The reason I say this is, not because I feel that I cannot meet performance requirements – far from it. Technically I have always produced good work and have often gone beyond what is required.
What I have found challenging with a manager with Asperger of course, is the associated issues that go with the territory and which have, I believe, been largely responsible for holding me back and realising my full potential: corporate politics, anxiety, inter-personal relationships etc.
In my experience of the corporate world, it is those with the political skills or ability to “play the game” that tend to succeed; or at least, you must have these attributes in addition to technical capability if you want to get on.
I was interested in the solution you advocate, i.e, “talk to someone”. Who you confide in however is far from straightforward. In the most problematic career situation that I have found myself in, my boss – who was and will always be my mentor – was unable to advise me in the sense that he was also unable to change things above him. His solution was not something that he could advocate and support.
In situations like this you need to navigate round the issue but, because of the issues that I have listed previously, i.e. corporate politics, a person with AS is far less capable of coping and steering themselves through the minefield.
Do you have any thoughts on Asperger-related strategies that are of use here?
BB: My comments about meeting performance expectations relate to the importance of understanding one’s strengths and limitations, and finding jobs that will emphasize the former. A good example is someone who lost a customer service position because she could not simultaneously listen to customers and type what they said into a computer.

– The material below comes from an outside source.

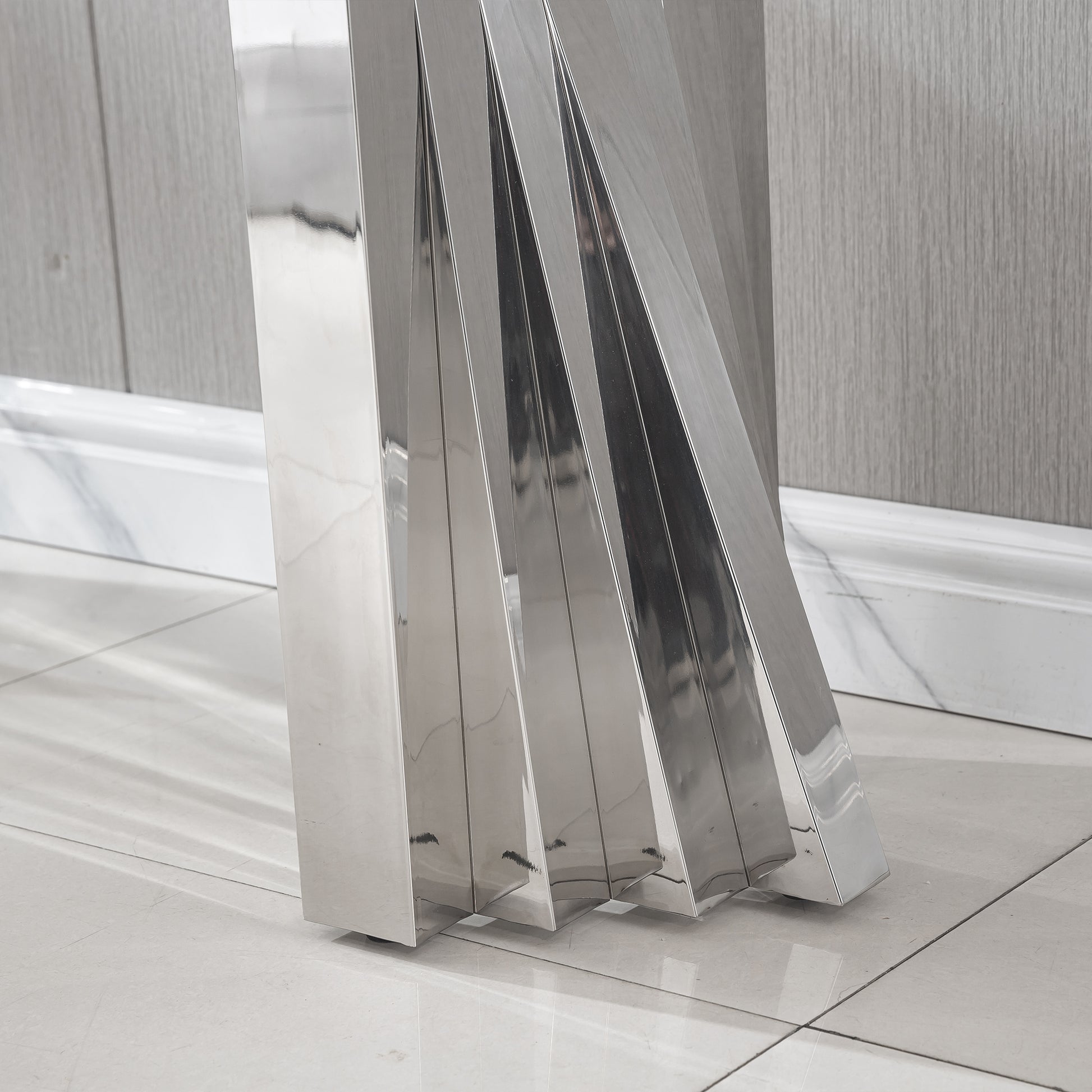 Tempered Glass Top Console Table With Silver Mirror Finish Stainless Steel Base Silver Tempered Glass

I think it is essential to understand how Asperger’s Syndrome impacts one’s executive functions, sensory processing, and interpersonal communication. It is my experience that management roles are especially difficult for people with AS. The further one advances, the more important “soft skills,” such as interpersonal communication and dealing with office politics become. Management jobs are about the big picture: strategy, planning, evaluating results. Instead of doing tasks yourself, you oversee others who are executing the tasks. This requires the ability to motivate and influence, mange your workload and that of your staff members, solve problems, make decisions and lead.
Someone with Asperger’s Syndrome must look at whether he or she has the interpersonal and organizational abilities to cope. I know of several people who did well in jobs that utilized their technical expertise, but could not handle management roles.

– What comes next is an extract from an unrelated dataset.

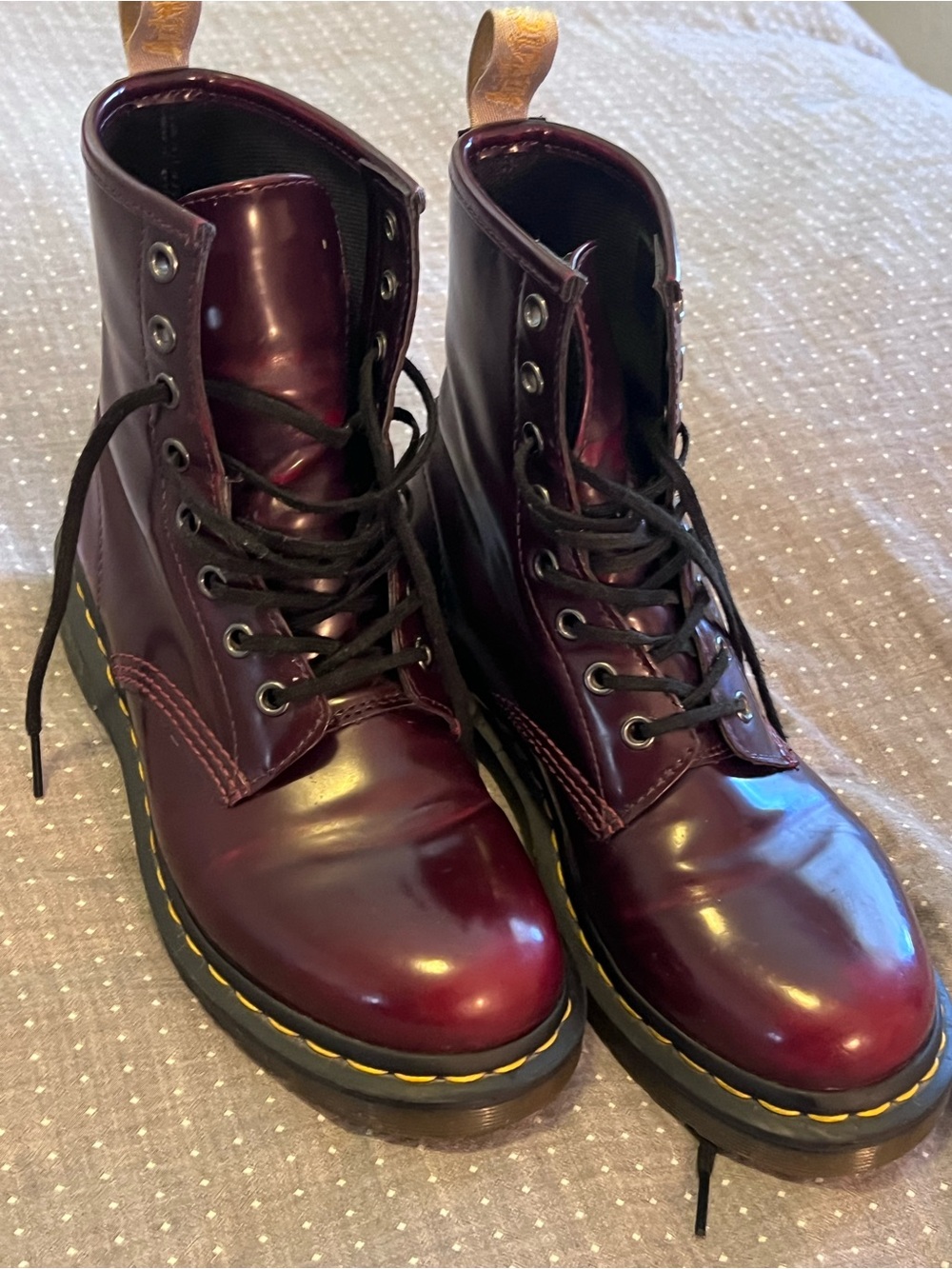 Dr Martens Burgundy Lace-Up Combat Boots with Yellow Stitching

Those who do want to pursue management should pay close attention to company culture. Some organizations are much more competitive and political than others. Networking with other professionals in your industry is a good way to learn about the culture of various firms.
Be honest with yourself about how much interaction you want to have with other people. Even if you do not have direct reports, managers have to interact with people in other departments of the organization. These colleagues may have personality styles and agendas that are very different than yours. Managers are expected to have “open door” policies. That is, to be available to speak with others during the workday. Anyone who would find these interruptions irritating or distracting – or uncomfortable – should not pursue a management job.
MJ: Additional Topics
I would like to now move on to some other issues that you haven’t discussed but which are, I believe, related to the topics that you discuss in your Newsletter.

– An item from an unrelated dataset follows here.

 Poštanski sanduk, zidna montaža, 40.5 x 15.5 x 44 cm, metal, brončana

Firstly, mental tiredness/exhaustion. My capacity to work on complex data and under pressurised situations and timescales is more limited. When I am fresh and not under pressure, I can work very effectively and produce work of a very high standard.
The key problem that I have is that my mental “engine” and associated energy are limited and also that problems occur when the opposite conditions prevail, i.e. when I am not fresh mentally or under pressure. These problems are often unavoidable in more responsible, senior managerial positions.
Do you have any thoughts here?
BB: You are exactly right that senior managerial jobs come with more pressure – to manage time and get results. Many of my clients who hold management positions say that they are so exhausted at the end of the day, all want to do is go home. For some, working more slowly and methodically means overtime hours.
It may be possible to schedule certain tasks for times when you are rested and relaxed. Complex assignments are best handled when one is mentally alert. Taking short breaks, especially if you can get outside for a few minutes, can be restorative. Physical exercise before or after work not only relieves stress, but improves sleep.
See if you can delegate tasks that are especially draining.
MJ: Space Management
I am not good at it! I am sure that quite a few of the difficulties that I face with time management stem from my weaker organisational and administrative skills.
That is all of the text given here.